"Петербургские трущобы" я тоже перечитала еще летом, но все не доходили руки зарисовать впечатления. Исправляюсь.
Это большой, тяжелый, местами грязный и чернушный двухтомник об изнанке жизни в дореволюционной России. Повествует о жизни нищих, воров и проституток с одной стороны и развращенной золотой молодежи с другой стороны.
То ли автор вдохновлялся "Отверженными", то ли тема назрела и носилась в воздухе, но я даже проверила - книги вышли с разницей всего в четыре года. "Отверженные" - 1862, "Петербургские трущобы" - 1866.
Роман начинается с того, что князю Шадурскому - отвратительному великосветскому бездельнику - подкидывает ребенка соблазненная им девушка.
И тут читателю уже понятно, что автор любит мелодраму и роман местами уходит в мыльную оперу.
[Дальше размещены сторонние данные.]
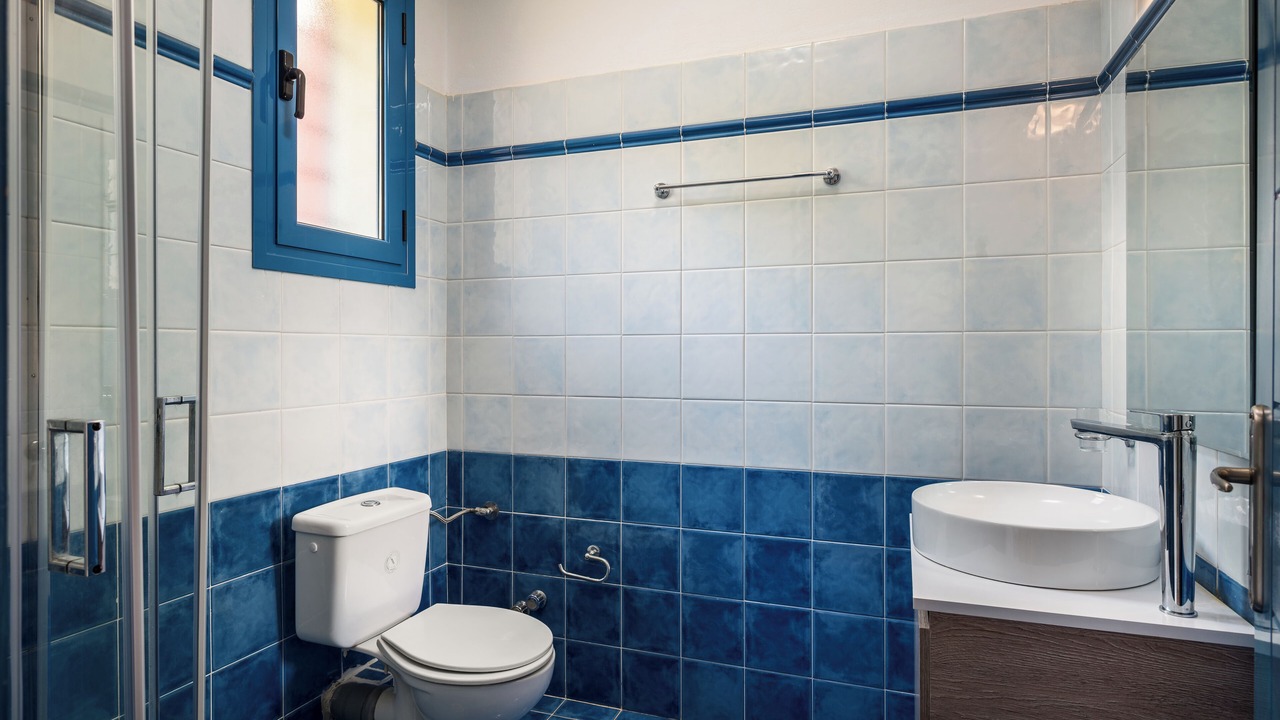 Photo of Bathroom in Barbati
Тайны, интриги, фантастические совпадения, пропавшие и воскресшие родственники, яды, случайный инцест, трагические смерти, очень запутанный сюжет с множеством линий.
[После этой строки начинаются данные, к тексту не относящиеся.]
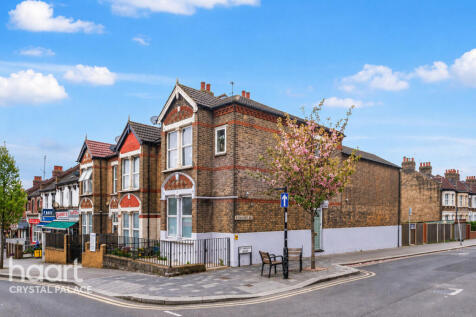 Portland Road, LONDON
Поругать роман есть за что, но, если честно, я лично считаю, что достоинства романа перевешивают его недостатки.
Герои играют роли из мыльной оперы, но все равно выглядят живыми и вызывают сочувствие. Сюжет запутанный, но увлекательный. Многочисленные отступления и зарисовки из жизни тормозят повествование - но приоткрывают окно в дореволюционную России.
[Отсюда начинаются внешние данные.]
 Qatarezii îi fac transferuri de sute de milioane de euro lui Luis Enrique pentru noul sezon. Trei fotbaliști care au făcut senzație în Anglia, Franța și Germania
Из одной такой зарисовки я узнала, откуда пошло слово "двурушничать". Оказывается, двурушниками называли нищих, которые изворачивались и просили милостыню двумя руками. Я не знала.
Можно было бы упрекнуть автора, что он очерняет Россию, но нет, я так не думаю. Скорее он следует за европейскими авторами своего времени, возмущается злом и несправедливостью там, где их видит, и требует милосердия к обездоленным.
Если Крестовский очерняет Россию, то не больше, чем Диккенс и Джордж Элиот - Англию, Гюго и Золя - Францию, Гариетт Бичер-Стоун и Драйзер - Америку.
Кстати, в первый раз я читала эту книгу лет в четырнадцать или пятнадцать. Тогда я мало что запомнила, но прививку от хруста французской булки и стойкую неприязнь к сливкам общества получила.